The New Revised Standard Version (The New Heaven and the New Earth)
21 Then I saw a new heaven and a new earth; for the first heaven and the first earth had passed away, and the sea was no more.
2 And I saw the holy city, the new Jerusalem, coming down out of heaven from God
Here we get a picture of new heaven and new earth.
In keeping with Platonic thought, it is not even simply a renewed version of the earth and heavens we know, but the ideal, the way they are meant to be, new, fresh, pure, filled with hope and promise.
And now, back to shifting our perspective: We cannot hear this passage rightly if we limit our imaginations to simply seeing things renewed and restored to what they once were.
Instead, we have to shift our hopes and imagination to be open to a revealing of a world that is beyond our imagination — where death and tears and weeping and war are no more.
Can you imagine this?
No? Well, that makes sense!
The promise that things are going to be made new.
Beyond our imaginations, beyond our schemes and hopes, beyond our shared or conflicting interests.
The world we get a glimpse of is certainly still complex, filled with diverse people who have all sorts of needs and interests.
But the common element, the principle that leads all creation to the ideal form, the resurrected and made new world, is, going back once again, to the undoing of the power of death.
Your perfect heaven and earth are probably in conflict, at least to some degree, with my idea of perfect heaven and earth.
But what I hear in this passage, in the words from this loud voice from the throne, is the promise of two things that we likely share across humanity and therefore give all people something to hope for and collectively share.
I have mentioned the first many times already: In the new creation, death is no more.

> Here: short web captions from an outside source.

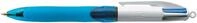 BIC 4 Farben Kugelschreiber 4 Colours Grip Pro, mit gummierter Griff-Fl&auml;che,...
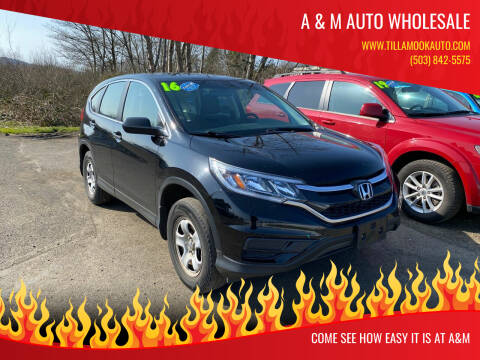 2016 Honda CR-V for sale at A & M Auto Wholesale in Tillamook OR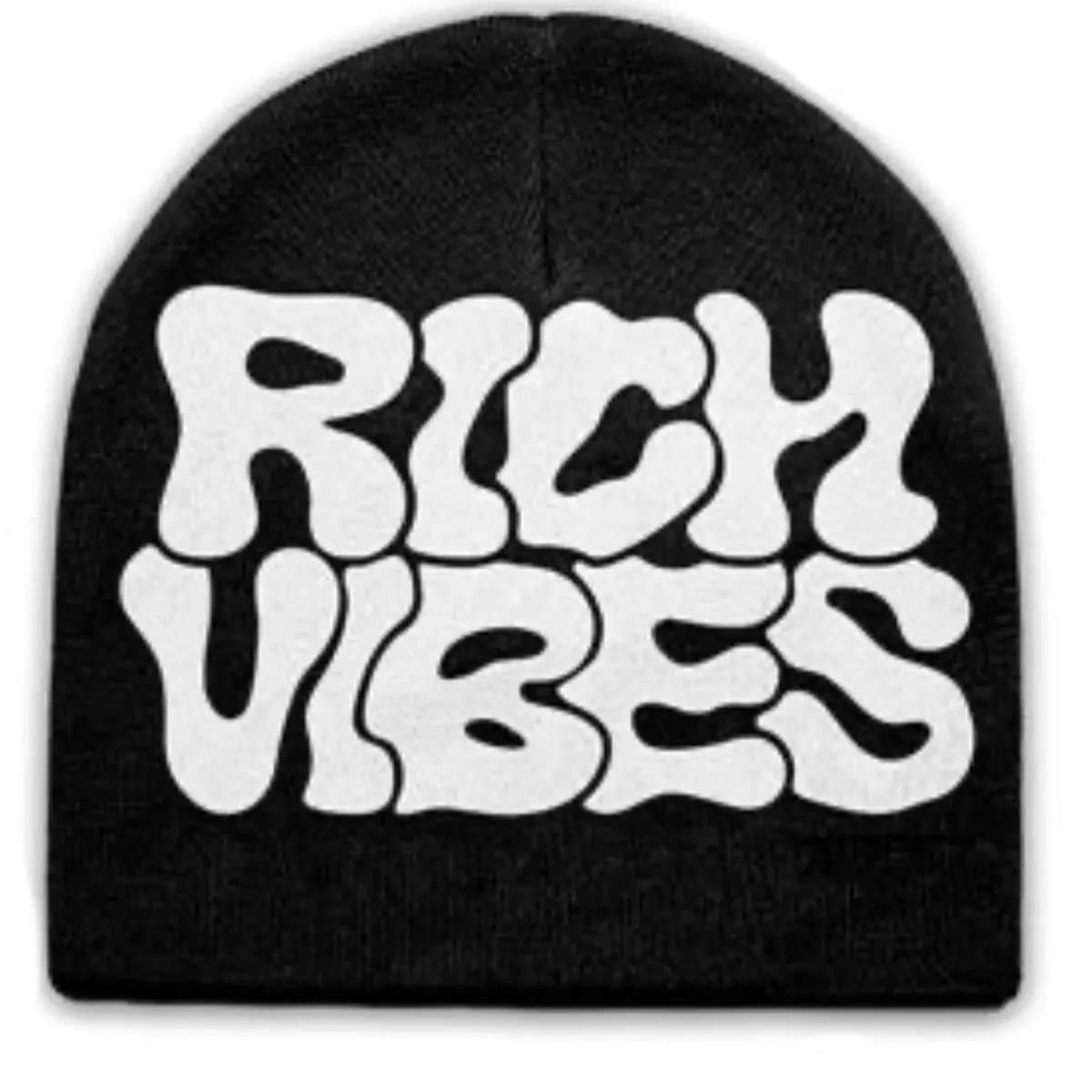 BLACK RICH VIBES Skully Beanies ️ Winter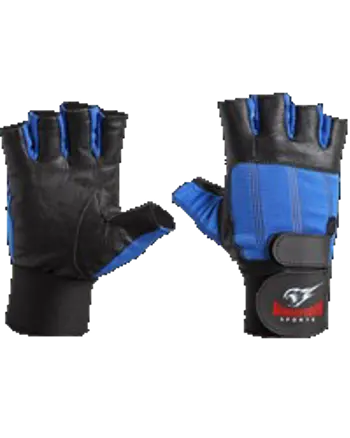 Armageddon Sports Мъжки фитнес ръкавици Blue с накитници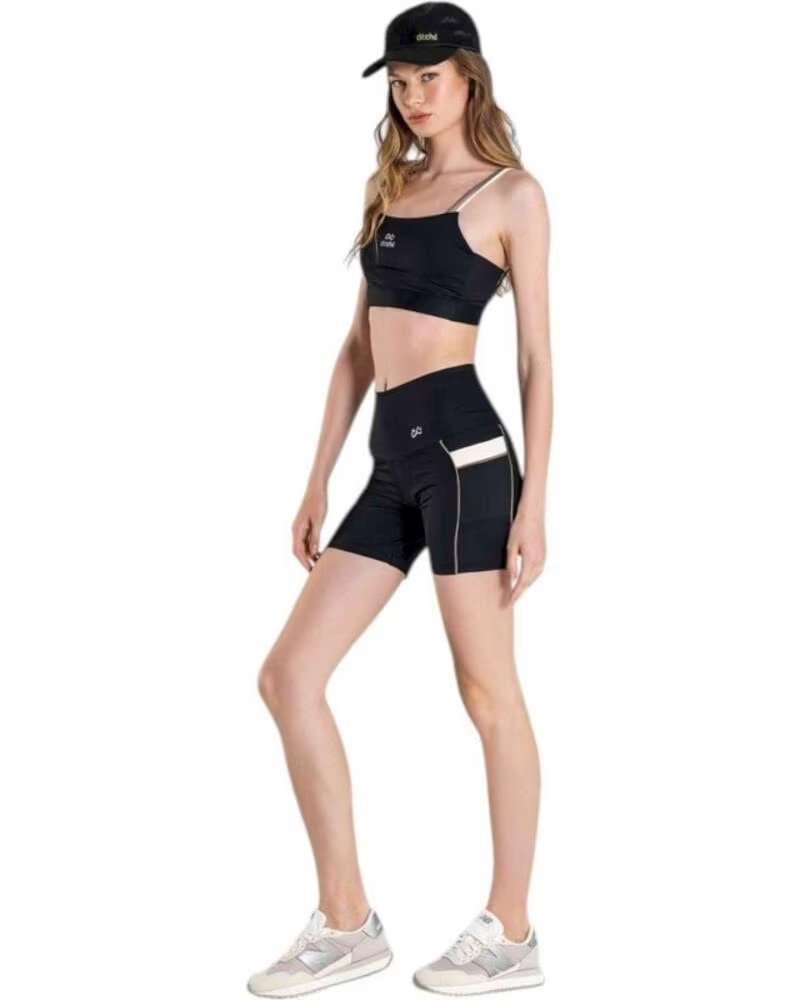 DITCHIL Short Calix Negro Sh2158-900 Mallas Cortas Mujer NEGRO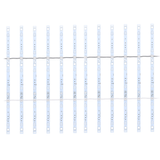 12-Pcs Flexible LED Back Lighting Series With Tape Adhesive Backside, DC24V, 6W/bar, 600LM, 7000K, IP33, UL, RoHS Listed, Pure White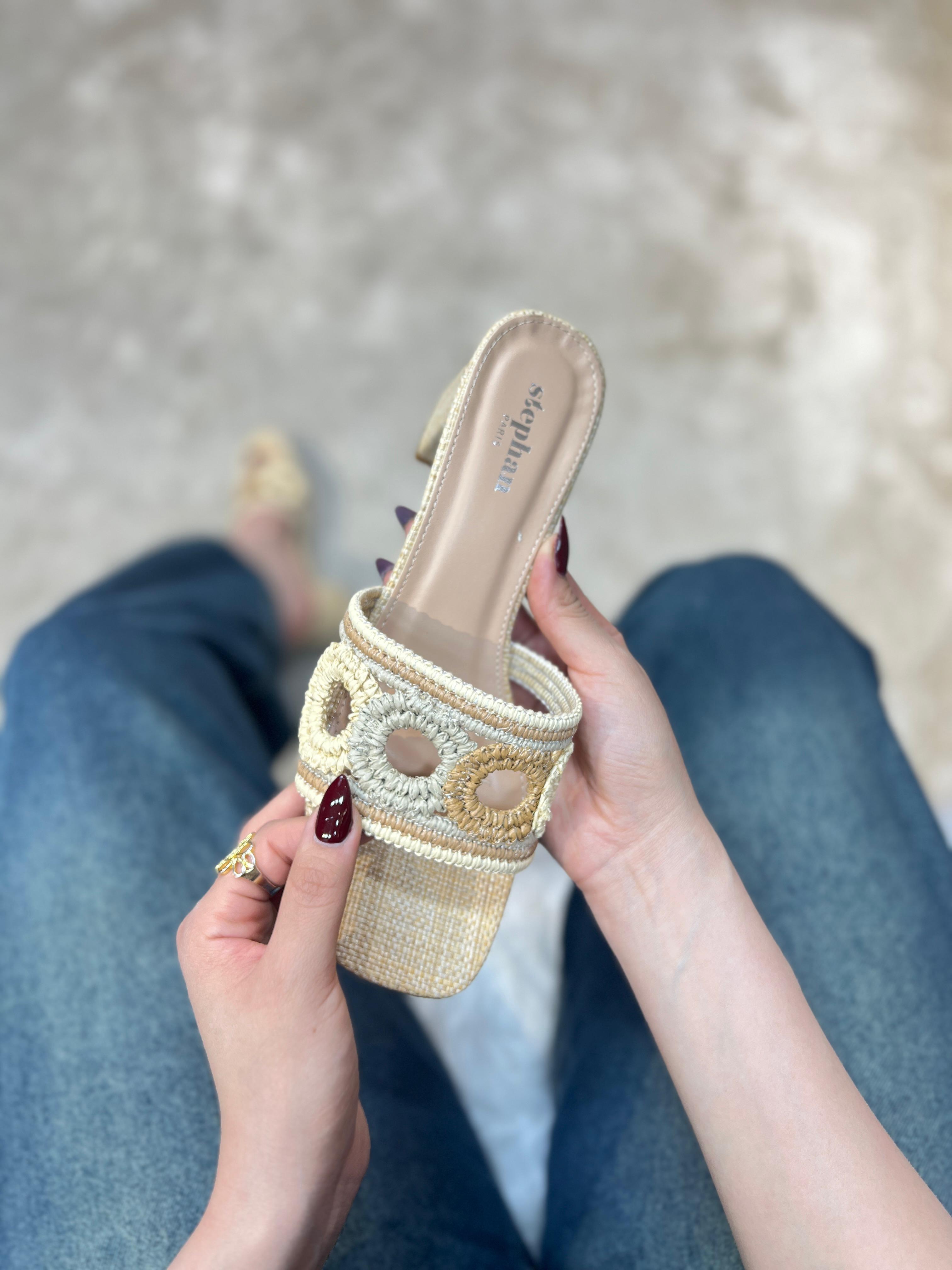 Sandale femme talon carré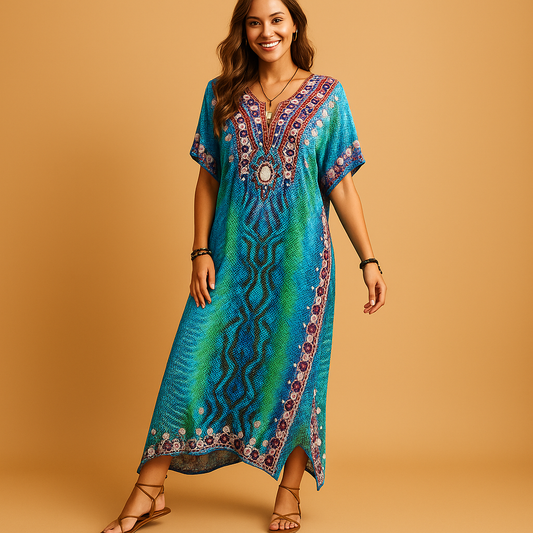 Women's Summer Maxi Dress - Flattering Fit in White for Every Occasion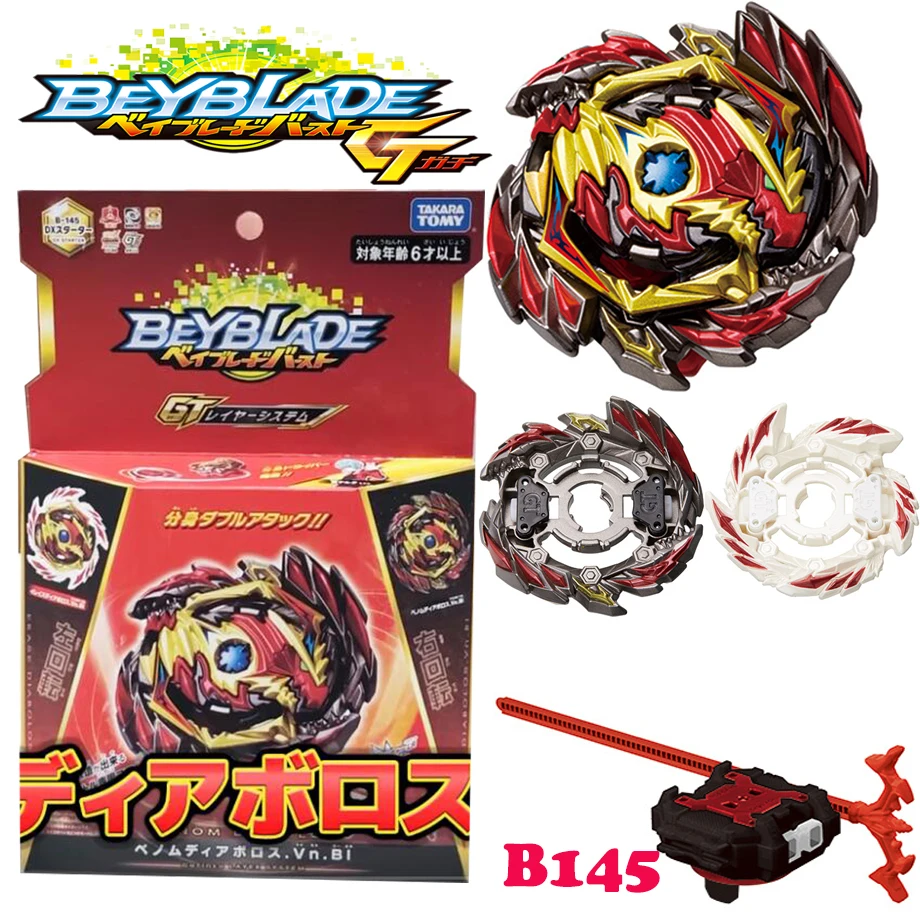 TAKARA TOMY Beyblade Burst Gyro четвертого поколения GT B 145 порочный дракон|Волчки| |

Think of our common problems in this world: disease, famine, unbearable climates, misused power, poverty and greed.
We can pretty safely agree that all of these things are struggles for all humanity.
And I would say that these are all markers of the power of death.
If we did not struggle against the reality of death, then diseases would have no power.
Hunger and famine would be non issues, there would be no need to hoard or starve.
The struggles with these things are rooted in the impending nature of death which we are all trying to fight off and delay.
When death dies, we are collectively released from that burden.
The second piece in this passage that binds us up into a common hope, a shared interest in the new creation, new heaven, and new earth, is presence.
God’s presence, among us, to be exact.
I’ve read a lot of things from traditions of faith all around the world.
All across the religious spectrum is this deep hope that the divine might be present with us.
Certainly we can easily see this in Christianity, Judaism, and Islam — the desire to please God and be with God.
But I would argue this expands even beyond those religious traditions.
Even the one who does not believe in God, is yet, as a human being, one who desires presence.
Perhaps they describe that as consciousness or awareness.
Maybe it is found in the intimacy of a loving partnership with another person.
Whatever way this desire gets lived out, there is something deep within us that longs for presence, in ourselves and from the other.